Strengths and limitations
We present the results of a relatively large BC patient cohort who received NACT according to clinical routine. Conventional imaging was used according to the local routine at the time being; thus, MRI, as used by many other researchers, was not available. While hindering direct comparison, the use of DM makes our study unique since, to the best of our knowledge, no literature is available concerning AI application to baseline DM to predict treatment response during NACT for BC patients. Before AI training, a test set of patients were set aside for final assessment, enhancing validity of our results. The concerns with a binary output as pCR must be briefly acknowledged. Many post-NACT pathological assessment scores also reflect partial responses, possibly providing a more nuanced prognosis. The importance of these results is most evident when considering salvage adjuvant chemotherapy for which residual cancer burden score 1 (“near-pCR”) shows as good an outcome as patients who achieved a pCR . Nevertheless, convincingly, pCR is still the most widely accepted endpoint in NACT studies.

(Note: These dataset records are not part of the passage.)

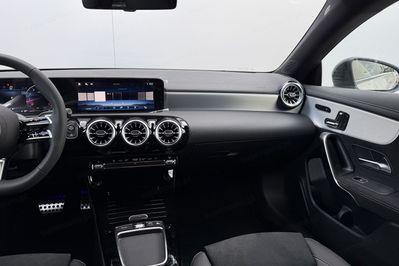 Mercedes CLA 220 4-Matic AMG Line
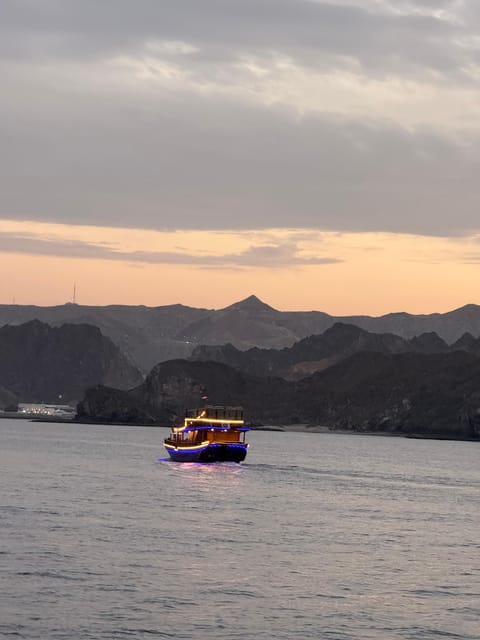 Muscat: Traditional Dhow Boat Sunset Cruise with Refreshments
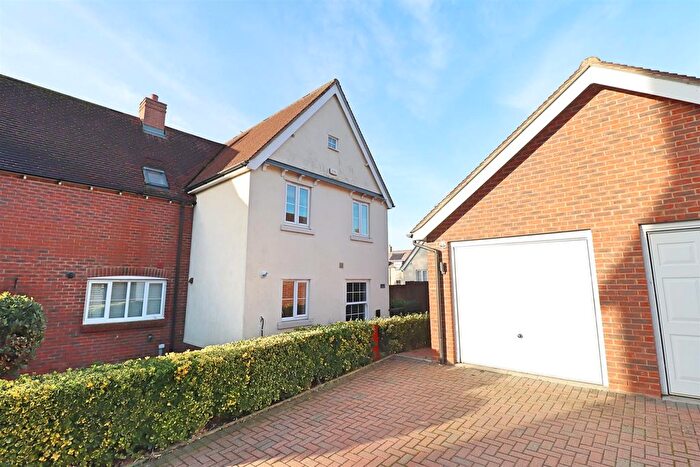 3 Bedroom Semi-Detached House To Rent In Barley Court, Braintree, CM7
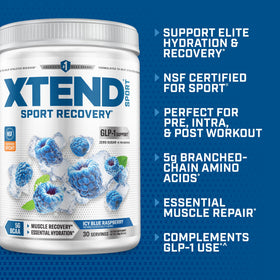 Xtend BCAA poudre framboise bleue 431g - préparation dans un verre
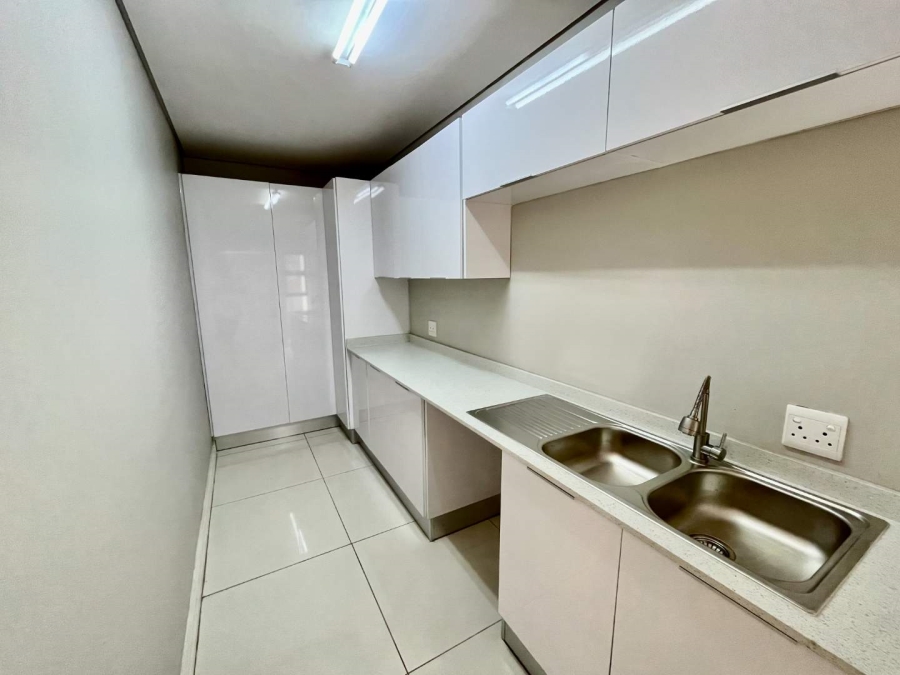 To Let 5 Bedroom Property for Rent in Izinga Ridge KwaZulu-Natal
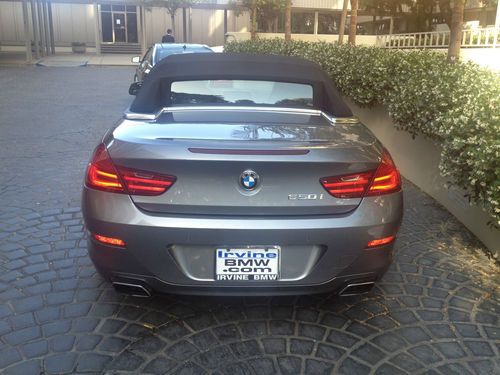 2012 BMW 650i Convertible 2-Door 4.4L, low mileage, image 2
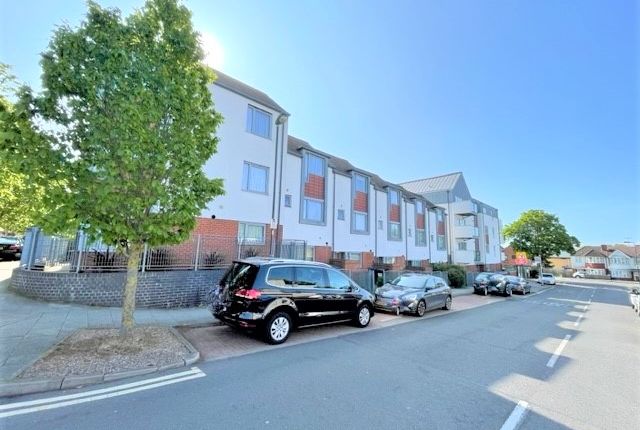 Thumbnail Flat for sale in Rayners Lane, Harrow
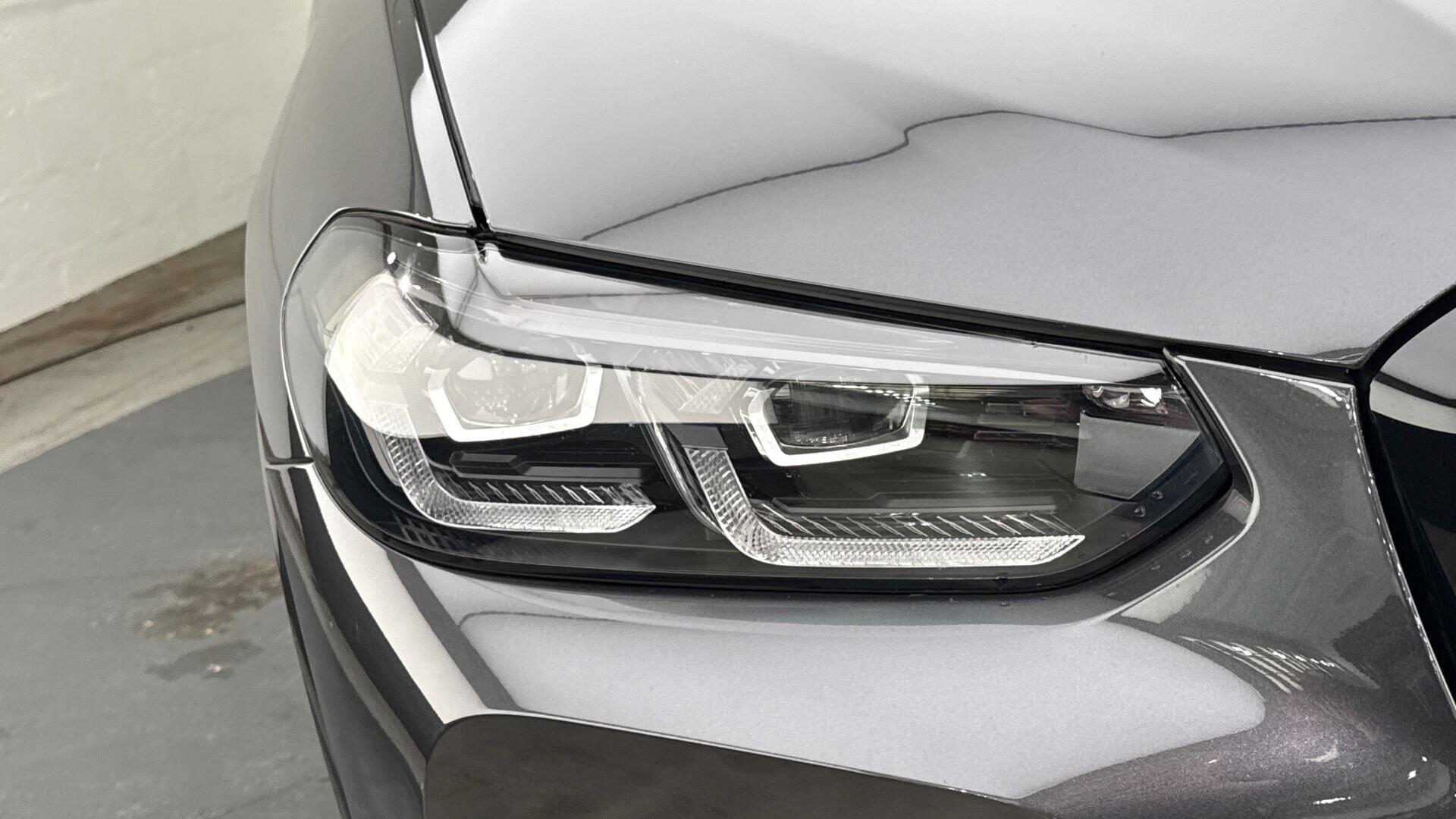 BMW X3 view 22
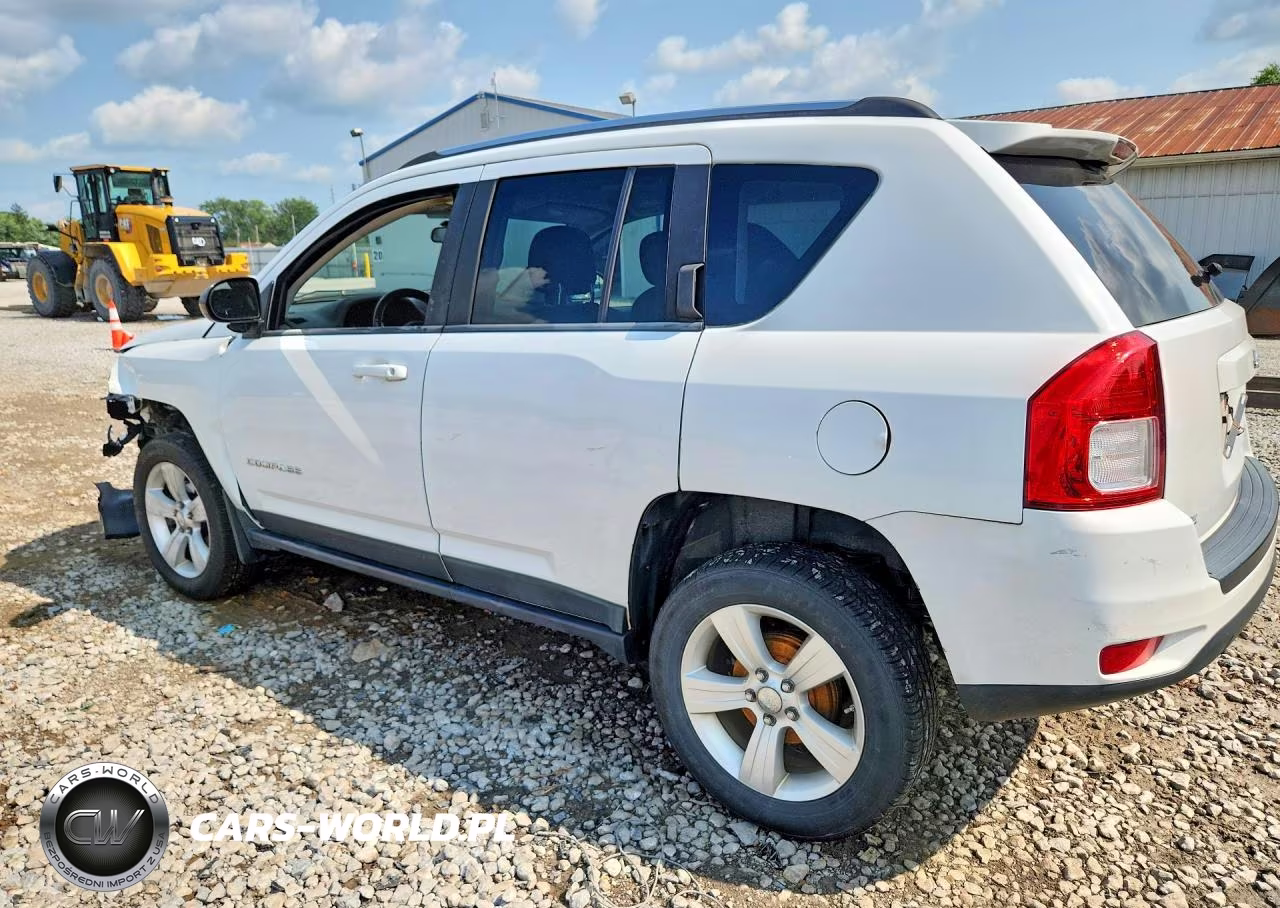 2011 Jeep Compass Sport VIN:1J4NT1FA9BD155610 - 2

A limitation of our study is the heterogeneous cohort in terms of both BC subtype and time period for NACT treatment. Unfortunately, the cohort was not large enough to perform subgroup analyses according to BC subtype since AI modelling demands a large number of images. Here, we shortly address possible concerns of the long recording period (2005–2019) and possible changes in NACT treatment during this time period. For both cohorts, the standard NACT contained series of FEC or EC followed by series of taxanes (docetaxel or paclitaxel) and, in the case of HER2-positive tumour, combined with HER2 blockade (trastuzumab/pertuzumab). Thus, the NACT regimen was consistent during the recording time and we therefore believe this to be of minor impact.
Next, we will train AI using dynamic DM from three time points during NACT and further explore explainable AI by identifying the areas on the mammograms that AI find most informative to generate “heat maps.” In addition, the concept of AI-guided response evaluation during NACT can be applied to other medical images for other organs.